EXERCISE DETAILS:
Transcribe all of the data exactly. Omit the pictures.

SOURCE DATA:
■ ■ ■
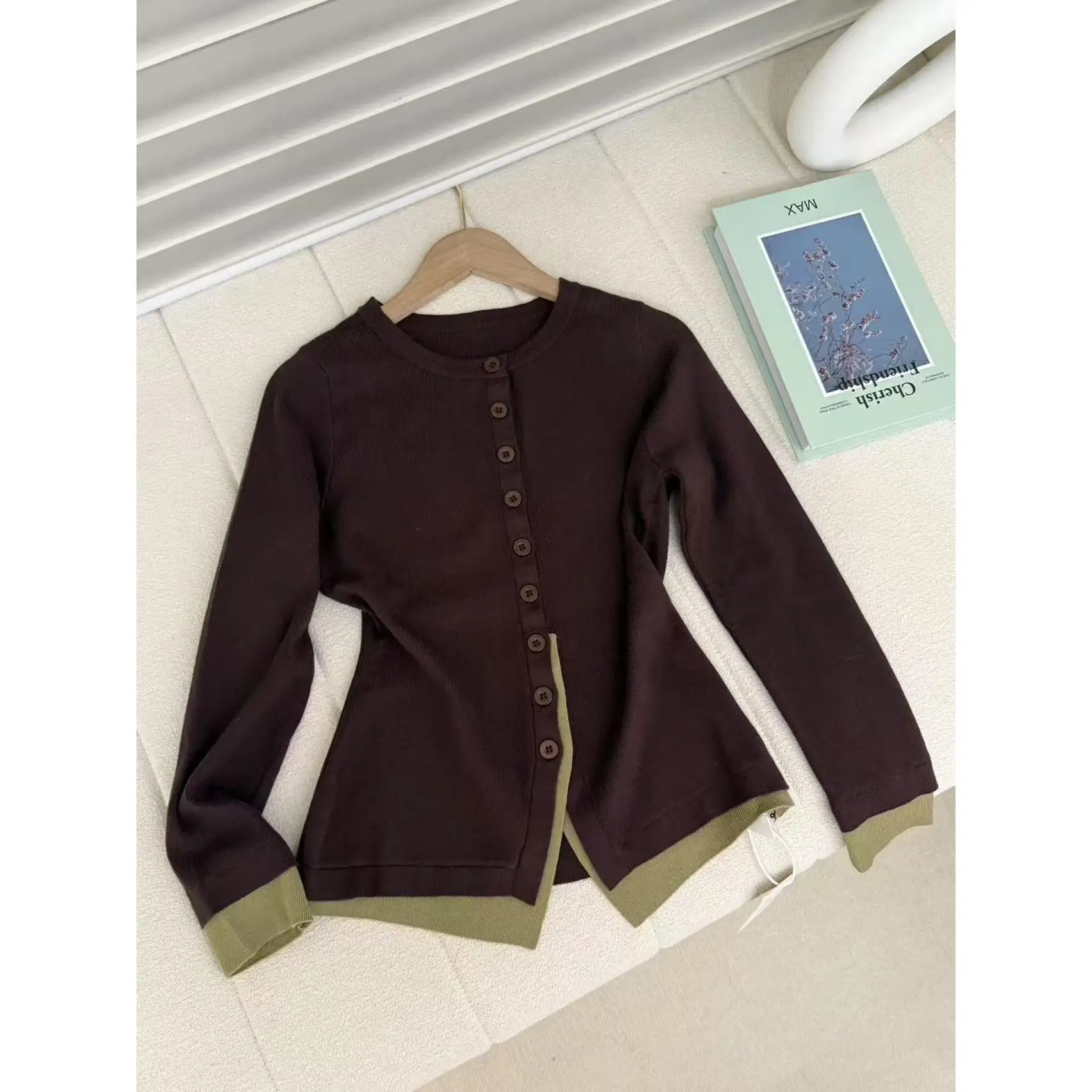 

Color Blo Knitted Open Cardigan Women's Faionable Top Unique Super Beautiful Sweater Autumn 2025 New Arrival Polyester Fiber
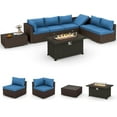 thumbnail image 1 of HOMREST 7-Piece PE Rattan Outdoor Patio Dining Set with Adjustable Bracket and Coffee Table, Blue, 1 of 10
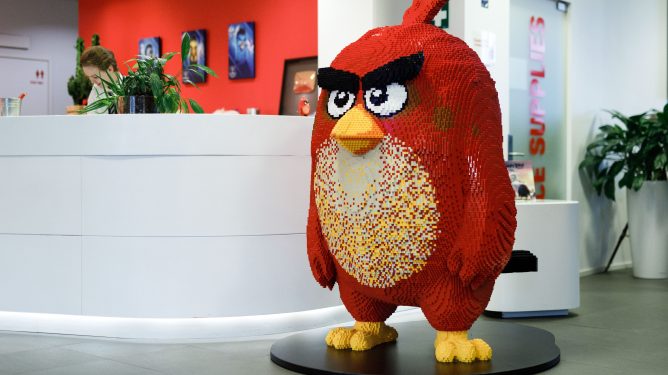 A model of Angry Birds character 'Red' sits on display inside the reception area of the Rovio Entertainment Oy headquarters in Espoo, Finland, on Thursday, Feb. 28, 2019.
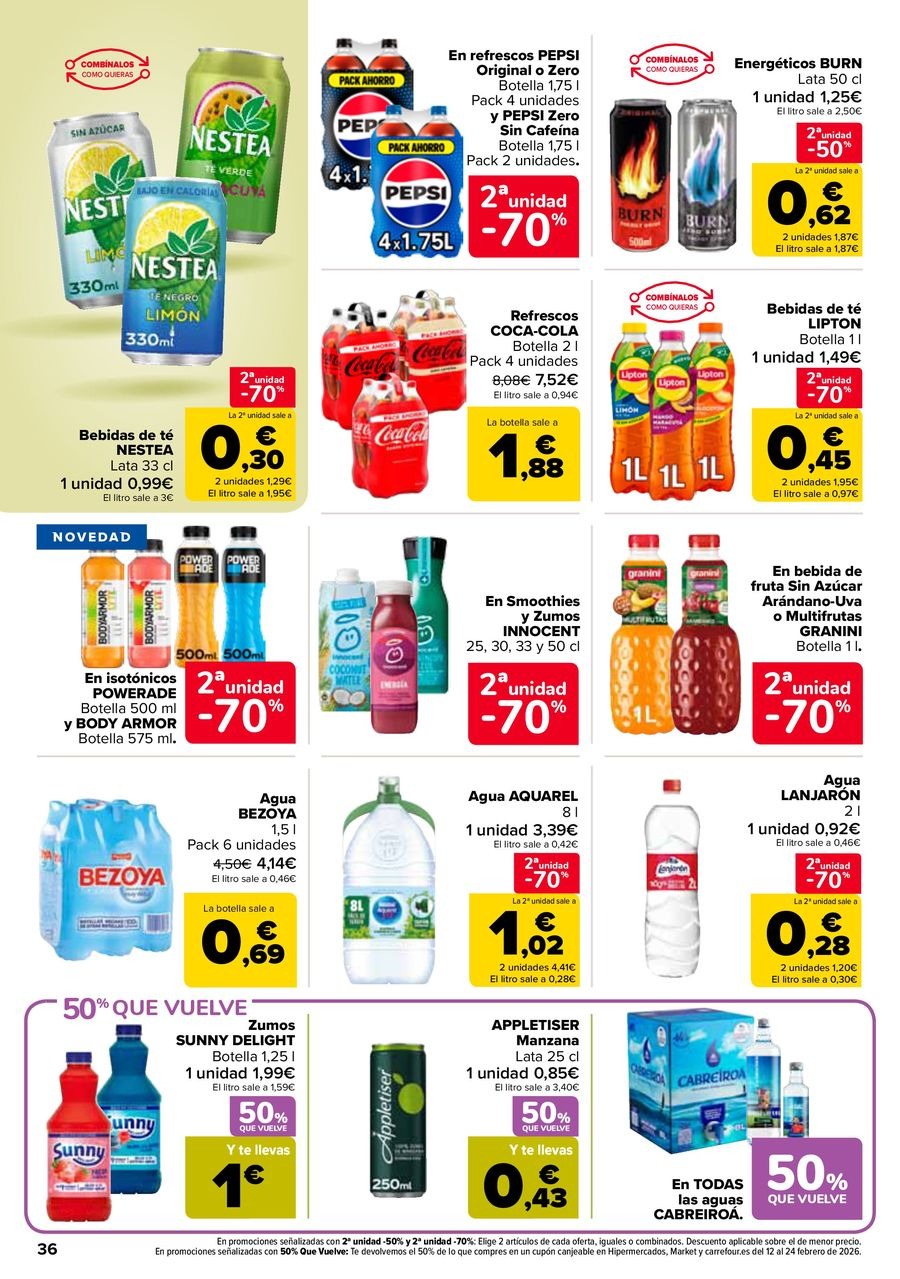 Ofertas de Carrefour España de 27 enero a 11 febrero 2026 50% QUE VUELVE + 2ªUD. A%L -70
■ ■ ■
TASK RESULT:
Color Blo Knitted Open Cardigan Women's Faionable Top Unique Super Beautiful Sweater Autumn 2025 New Arrival Polyester Fiber
 thumbnail image 1 of HOMREST 7-Piece PE Rattan Outdoor Patio Dining Set with Adjustable Bracket and Coffee Table, Blue, 1 of 10
 A model of Angry Birds character 'Red' sits on display inside the reception area of the Rovio Entertainment Oy headquarters in Espoo, Finland, on Thursday, Feb. 28, 2019.
 Ofertas de Carrefour España de 27 enero a 11 febrero 2026 50% QUE VUELVE + 2ªUD. A%L -70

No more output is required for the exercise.